• Data excerpt:

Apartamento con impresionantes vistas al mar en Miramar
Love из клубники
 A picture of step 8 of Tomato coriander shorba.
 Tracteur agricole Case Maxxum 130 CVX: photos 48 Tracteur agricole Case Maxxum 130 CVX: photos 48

• Exercise requirements: Please give the data again in full, exactly as written.

• Answer:
Apartamento con impresionantes vistas al mar en Miramar
Love из клубники
 A picture of step 8 of Tomato coriander shorba.
 Tracteur agricole Case Maxxum 130 CVX: photos 48 Tracteur agricole Case Maxxum 130 CVX: photos 48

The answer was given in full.